The well-known Neubrandenburgers, the mayor Friedrich Brückner and the physician Ludwig (I.) Brückner , were his nephews, sons of his half-brother Friedrich.

Fonts (selection)

  • De proxima febrium et in specie inflammatoriarum causa. Dissertation, Halle 1767
    ( On the next cause of fever and in particular some inflammatory fevers )
  • De Pirdjungs. (The horse boys). In: Stammbuch des Hainbund. Goettingen 1775

literature

  • Gustav Willgeroth : The Mecklenburg doctors from the oldest times to the present.
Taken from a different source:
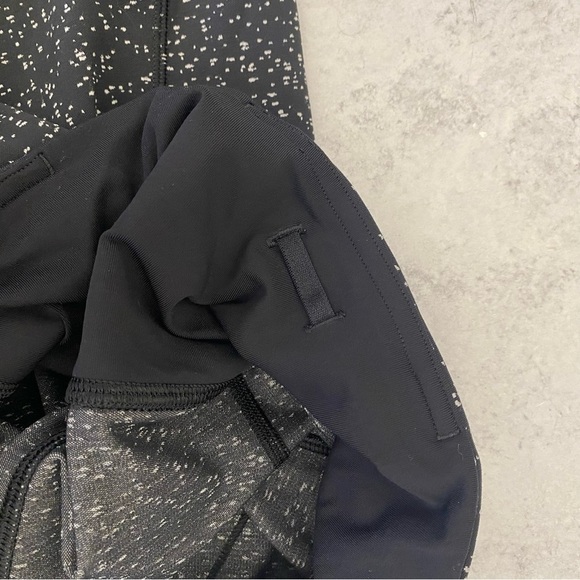 Lululemon || Rebel Runner Crop Magnetized Jacquard Black White Luxtreme 6 - Picture 10 of 13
Schwerin 1929, p. 159
  • Grete Grewolls: Who was who in Mecklenburg and Western Pomerania. The dictionary of persons . Hinstorff Verlag, Rostock 2011, ISBN 978-3-356-01301-6 , p. 1423 f .
  • Paul Kahl: The correspondence between Johann Heinrich Voss and Adolf Friedrich Brückner. Preserved fragments. On the 200th anniversary of the death of Ernst Theodor Johann Brückner on May 29, 2005. In: Vossische Nachrichten. Announcements of the Johann Heinrich Voß Society eV No. 8, November 2005, pp. 25–40 ( digitized PDF ).

Web links

Individual evidence

  1. ^ A b c Paul Kahl: The exchange of letters ... In: Vossische Nachrichten. 8/2005, p. 27 (see literature)
    "He enrolled in Göttingen on May 2, 1766 (matriculation for 1766, Göttingen University Archives )".
  2. ^ A b Adolf (Friedrich) Brückner: Prodromus Florae Neobrandenburgensis. Dissertation 1803. Information in:
    Grete Grewolls: Who was who in Mecklenburg and Western Pomerania. The dictionary of persons . Hinstorff Verlag, Rostock 2011, ISBN 978-3-356-01301-6 , p. 1425 .
  3. ^ Paul Kahl: Adolf Friedrich Theodor Brückner: De Pirdjungs (1775). A Low German dialogue idyll on the serf question in a "federal book" of the Göttingen grove. In: Yearbook of the Association for Low German Language Research. Vol. 128 (2005), pp. 115-133.
  4. ^ Paul Kahl: The exchange of letters ... In: Vossische Nachrichten. 8/2005, p. 33 (see literature).